I need help too. I can't figure out this sawzall thing. I cut a copper line apart and it is currently spraying water out. Is that bad? I keep trying to soldier it back together but the soldier isn't melting. Should I get an oxyactelyene torch? I have my pre soldiered fittings from the Home depot this should be easy.


----------



## PLUMB TIME (Feb 2, 2009)

RW Plumbing said:


> I need help too. I can't figure out this sawzall thing. I cut a copper line apart and it is currently spraying water out. Is that bad? I keep trying to soldier it back together but the soldier isn't melting. Should I get an oxyactelyene torch? I have my pre soldiered fittings from the Home depot this should be easy.


 
That's because "soldier" doesn't melt. Solder does.:laughing:


----------



## TheSkinnyGuy (Sep 15, 2009)

I REALLY need help. I burned out all my sawzall blades on this cast-iron pipe, and I've barely scratched it. How many blades will I burn thru before I cut thru this stuff?


----------



## RW Plumbing (Aug 16, 2010)

TheSkinnyGuy said:


> I REALLY need help. I burned out all my sawzall blades on this cast-iron pipe, and I've barely scratched it. How many blades will I burn thru before I cut thru this stuff?


Well that depends, I hope you are using the wood and nail blades. Those corse teeth really tear though that cast iron. The teeth on a metal blade are too small for cast iron.


----------



## RW Plumbing (Aug 16, 2010)

PLUMB TIME said:


> That's because "soldier" doesn't melt.

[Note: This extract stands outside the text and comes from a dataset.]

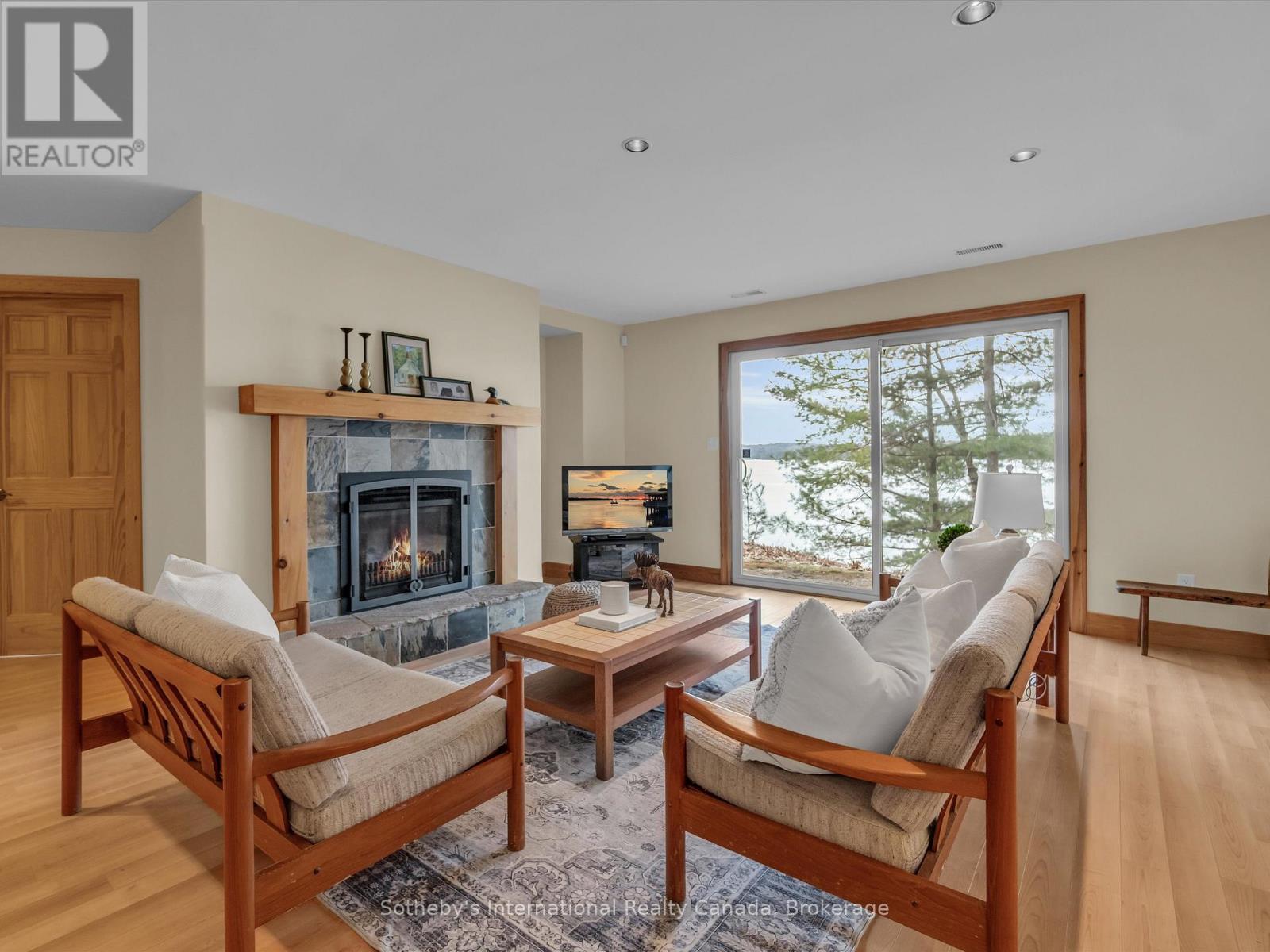 243 Prices Point Road, Lake Of Bays, Ontario  P0B 1A0 - Photo 25 - X12084581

Solder does.:laughing:


Yes they do. Ever melt a green army man when you were a kid?


----------



## Bill (Jun 17, 2008)

TheSkinnyGuy said:


> I REALLY need help. I burned out all my sawzall blades on this cast-iron pipe, and I've barely scratched it. How many blades will I burn thru before I cut thru this stuff?


Ask Mr Owl.
Mr Owl, how many sawzall blades does it take to reach the center:laughing:


----------



## PLUMB TIME (Feb 2, 2009)

Bill said:


> Ask Mr Owl.
> Mr Owl, how many sawzall blades does it take to reach the center:laughing:


 
A one, a two, a three......crunch.

Are we that old?


----------



## Optimus Primer (May 20, 2009)

PLUMB TIME said:


> That's because "soldier" doesn't melt. Solder does.:laughing:


They will melt when our military gets the lasers that we are mounting on some of their vehicles going.


----------